> _Exercise objective_
Write out a word-for-word repetition of the lines that come before the line containing "Kitchen featuring white" in the listing below, along with that line itself, omitting pictures.

BEGIN Extracted entries

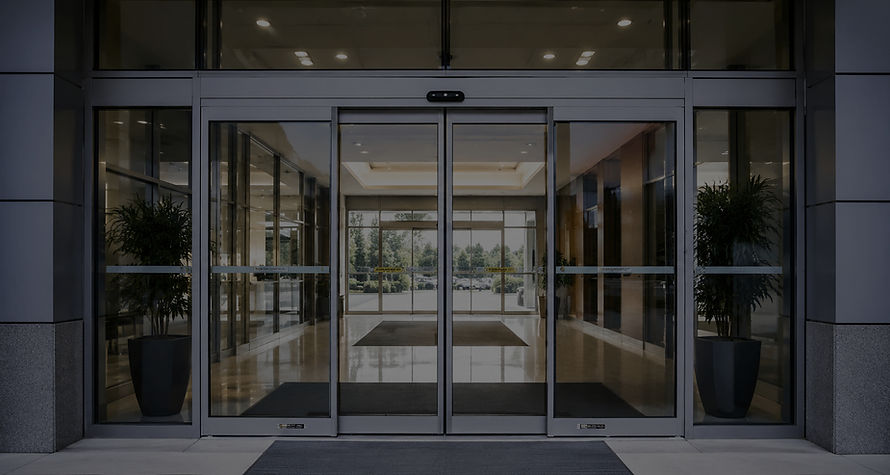 Réparation portes et fenêtres Rive-Nord : entrée commerciale vitrée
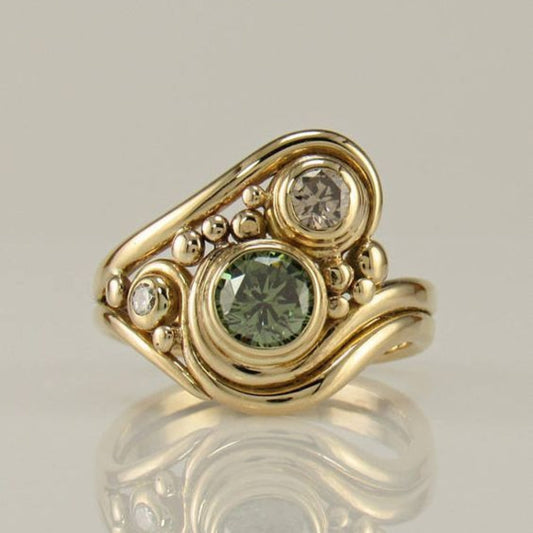 Vintage gold ring with green zirconia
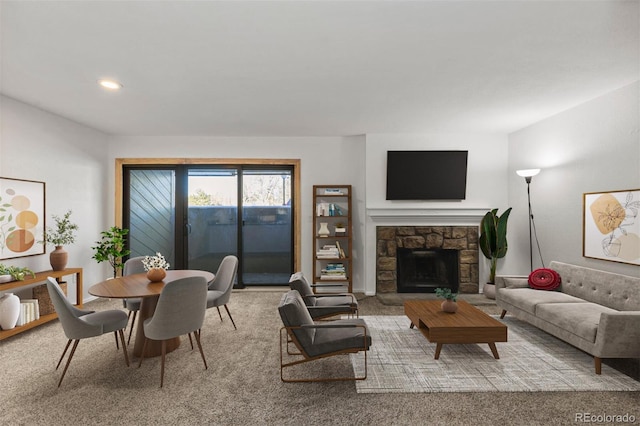 living room with light colored carpet and a stone fireplace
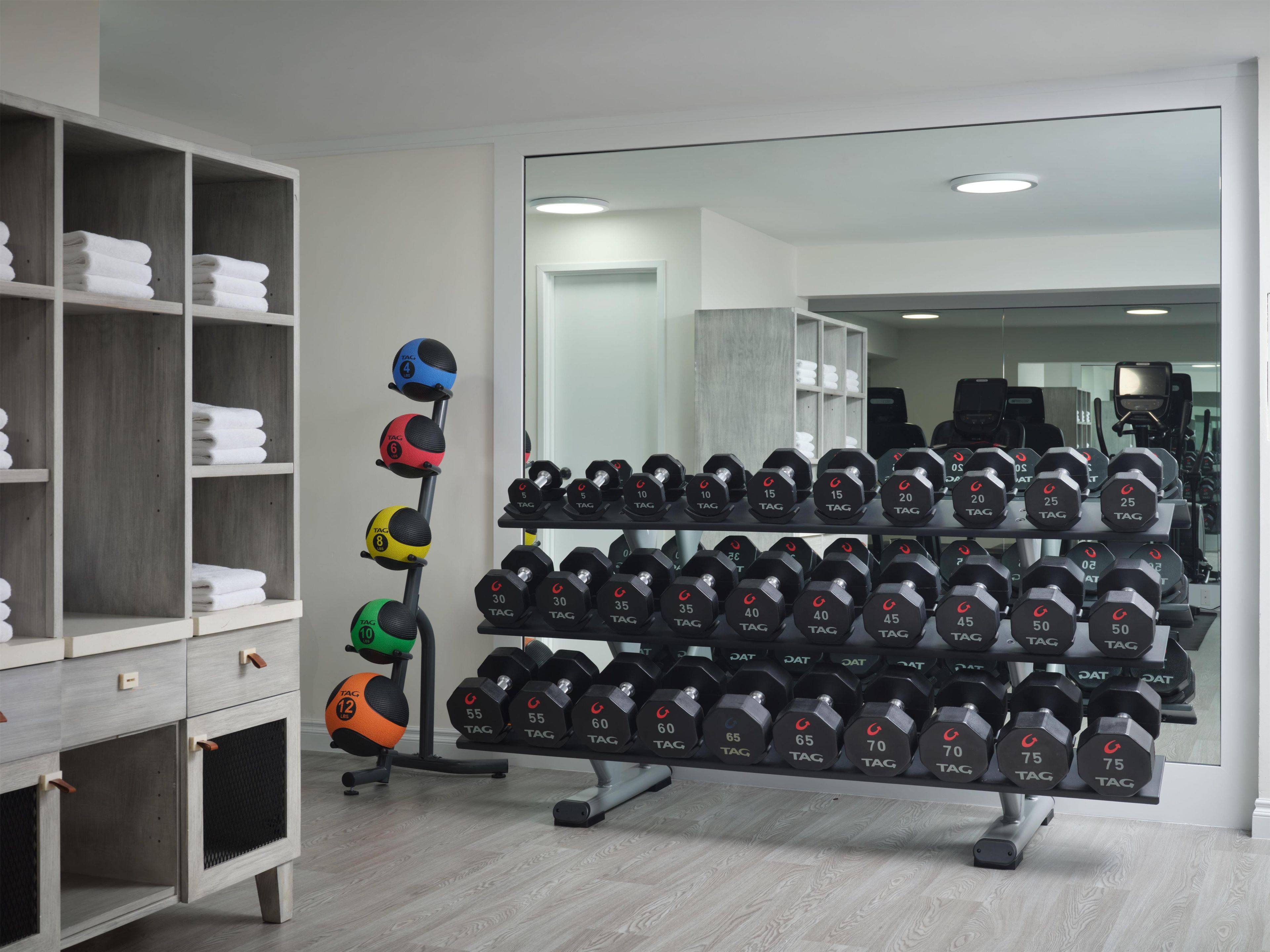 Un gimnasio con equipo de levantamiento de pesas, incluyendo mancuernas y balones medicinales, y un espejo que refleja el espacio.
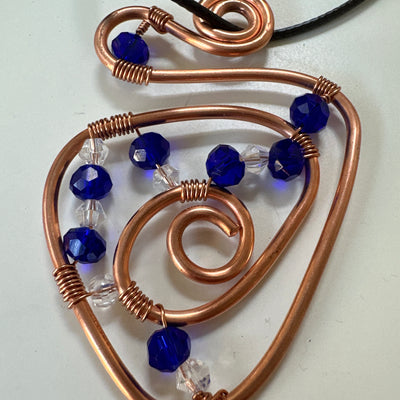 Copper abstract triangle design with blue and white chrystals. Leather cord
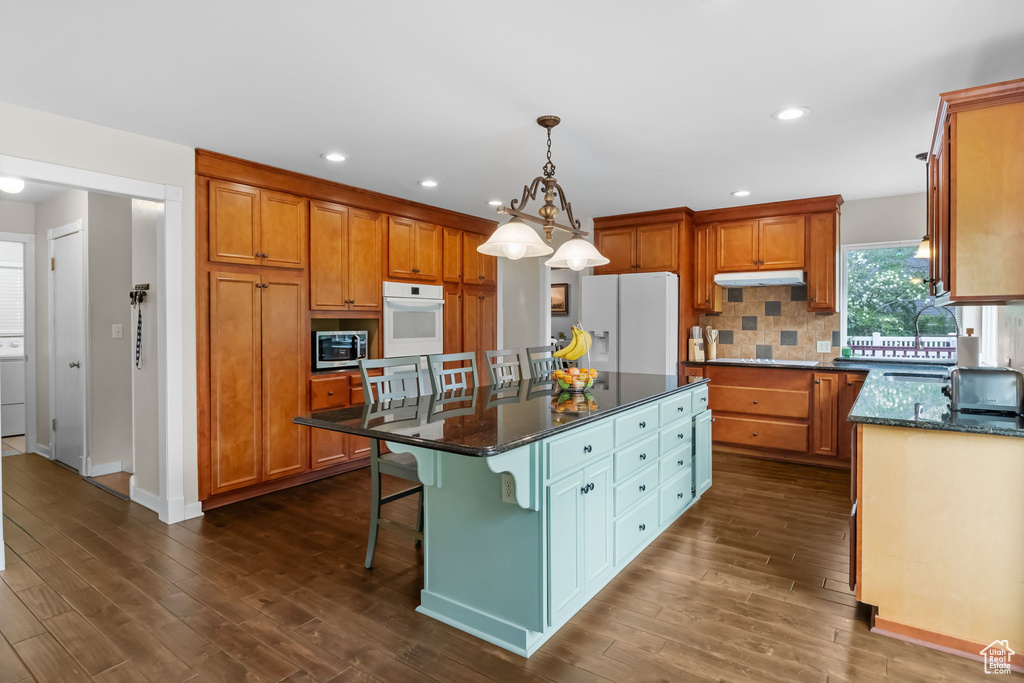 Kitchen featuring white appliances, under cabinet range hood, dark wood-style floors, a kitchen island, and brown cabinetry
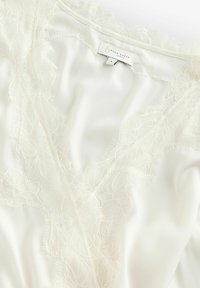 Blouse en satin crème avec bordure en dentelle, présentant un design à col en V et une texture douce et lisse. Étiquette visible avec les informations de marque et de taille.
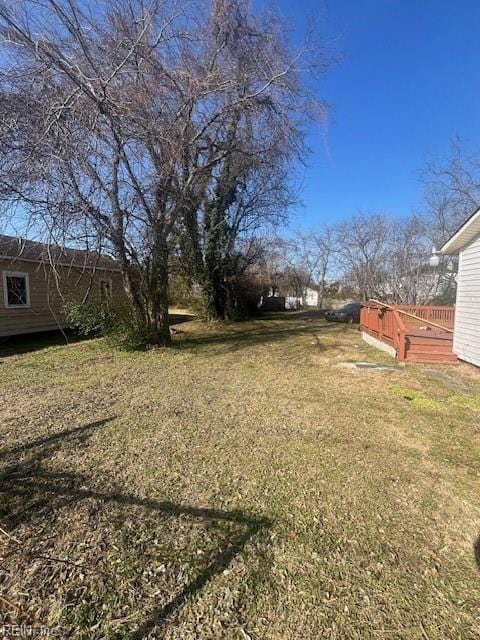 view of yard featuring a deck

END Extracted entries

> _Written solution_
 Réparation portes et fenêtres Rive-Nord : entrée commerciale vitrée
 Vintage gold ring with green zirconia
 living room with light colored carpet and a stone fireplace
 Un gimnasio con equipo de levantamiento de pesas, incluyendo mancuernas y balones medicinales, y un espejo que refleja el espacio.
 Copper abstract triangle design with blue and white chrystals. Leather cord
 Kitchen featuring white appliances, under cabinet range hood, dark wood-style floors, a kitchen island, and brown cabinetry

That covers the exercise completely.